Salar de Uyuni,
Salar de Uyuni memang
pantas jika disebut sebagai cermin alami terbesar di dunia. Itu karena, ketika
musim hujan tiba, permukaannya akan tergenang air dan membentuk danau yang
dangkal. Nah, pantulan sinar matahari yang beradu dengan endapan garam serta
lapisan air yang tipis dan tenang, akan membuat tempat ini menjadi cermin
raksasa yang memantulkan langit maupun benda-benda di atasnya.
Salar de Uyuni sendiri
terletak di Departemen Potosi dan Oruro, Bolivia, Amerika Serikat.

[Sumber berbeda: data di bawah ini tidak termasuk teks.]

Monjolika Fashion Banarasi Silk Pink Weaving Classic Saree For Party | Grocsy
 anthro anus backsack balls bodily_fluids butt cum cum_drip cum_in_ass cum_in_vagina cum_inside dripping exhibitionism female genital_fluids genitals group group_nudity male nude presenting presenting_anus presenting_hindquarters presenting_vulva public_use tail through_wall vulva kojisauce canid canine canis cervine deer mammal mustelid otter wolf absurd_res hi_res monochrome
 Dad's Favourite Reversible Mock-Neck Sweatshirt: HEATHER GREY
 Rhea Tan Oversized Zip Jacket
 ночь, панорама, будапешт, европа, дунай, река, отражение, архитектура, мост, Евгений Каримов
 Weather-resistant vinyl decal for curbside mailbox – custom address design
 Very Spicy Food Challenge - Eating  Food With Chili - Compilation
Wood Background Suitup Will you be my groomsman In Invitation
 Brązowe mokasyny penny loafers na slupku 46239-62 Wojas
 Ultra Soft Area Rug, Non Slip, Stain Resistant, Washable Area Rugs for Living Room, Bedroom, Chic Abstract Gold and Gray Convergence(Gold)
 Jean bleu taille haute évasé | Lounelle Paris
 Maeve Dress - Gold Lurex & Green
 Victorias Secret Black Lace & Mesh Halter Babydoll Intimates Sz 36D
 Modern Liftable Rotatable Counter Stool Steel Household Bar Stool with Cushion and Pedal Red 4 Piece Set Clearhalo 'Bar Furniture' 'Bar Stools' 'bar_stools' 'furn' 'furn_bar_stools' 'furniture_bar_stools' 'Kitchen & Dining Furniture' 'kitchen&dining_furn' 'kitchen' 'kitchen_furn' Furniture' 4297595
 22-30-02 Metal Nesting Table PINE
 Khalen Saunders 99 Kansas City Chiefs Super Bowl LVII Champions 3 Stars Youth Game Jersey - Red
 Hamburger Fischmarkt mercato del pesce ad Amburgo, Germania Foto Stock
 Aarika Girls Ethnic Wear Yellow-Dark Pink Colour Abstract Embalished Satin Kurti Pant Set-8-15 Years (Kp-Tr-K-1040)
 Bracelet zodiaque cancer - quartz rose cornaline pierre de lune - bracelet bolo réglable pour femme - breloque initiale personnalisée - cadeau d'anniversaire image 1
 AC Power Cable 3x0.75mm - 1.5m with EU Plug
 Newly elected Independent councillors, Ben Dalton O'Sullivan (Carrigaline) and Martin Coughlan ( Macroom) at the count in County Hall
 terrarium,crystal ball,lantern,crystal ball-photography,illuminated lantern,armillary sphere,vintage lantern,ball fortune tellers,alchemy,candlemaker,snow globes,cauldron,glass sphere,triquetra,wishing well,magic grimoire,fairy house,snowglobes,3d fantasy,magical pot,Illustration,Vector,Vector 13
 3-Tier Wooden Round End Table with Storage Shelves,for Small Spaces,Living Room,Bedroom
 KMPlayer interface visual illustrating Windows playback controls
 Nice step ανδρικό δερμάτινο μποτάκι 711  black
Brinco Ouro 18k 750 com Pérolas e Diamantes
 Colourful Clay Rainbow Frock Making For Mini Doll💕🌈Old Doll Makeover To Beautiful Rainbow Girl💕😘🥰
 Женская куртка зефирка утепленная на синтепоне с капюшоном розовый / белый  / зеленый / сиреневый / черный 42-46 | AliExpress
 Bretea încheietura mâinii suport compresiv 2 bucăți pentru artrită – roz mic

Sebagai
informasi, tempat unik ini sebenarnya merupakan dataran garam atau gurun garam
terluas di dunia.
* Dulunya Danau
Salar de Uyuni ini merupakan sisa-sisa Danau Michin pada jaman prasejarah. Danau Michin ini juga dikategorikan sebagai danau terbesar pada sekitar
40.000 tahun lalu.
Saat Danau Michin
mengering, terdapat 2 gurun yang tersisa, yaitu Salar de Coipasa dan Salar de
Uyuni. Namun, dengan luas area sekitar 10.582 kilometer persegi, tentunya Salar
de Uyuni-lah yang menjadi gurun sekaligus dataran garam terluas di dunia.
*Kaya akan Garam
Selain cantik,
Salar de Uyuni ini juga kaya akan kandungan garam. Diperkirakan 10 miliar
ton garam terkandung dalam wilayah Salar de Uyuni. Dari jumlah itu, sekitar
25.000 ton garam dapat diperoleh tiap tahunnya.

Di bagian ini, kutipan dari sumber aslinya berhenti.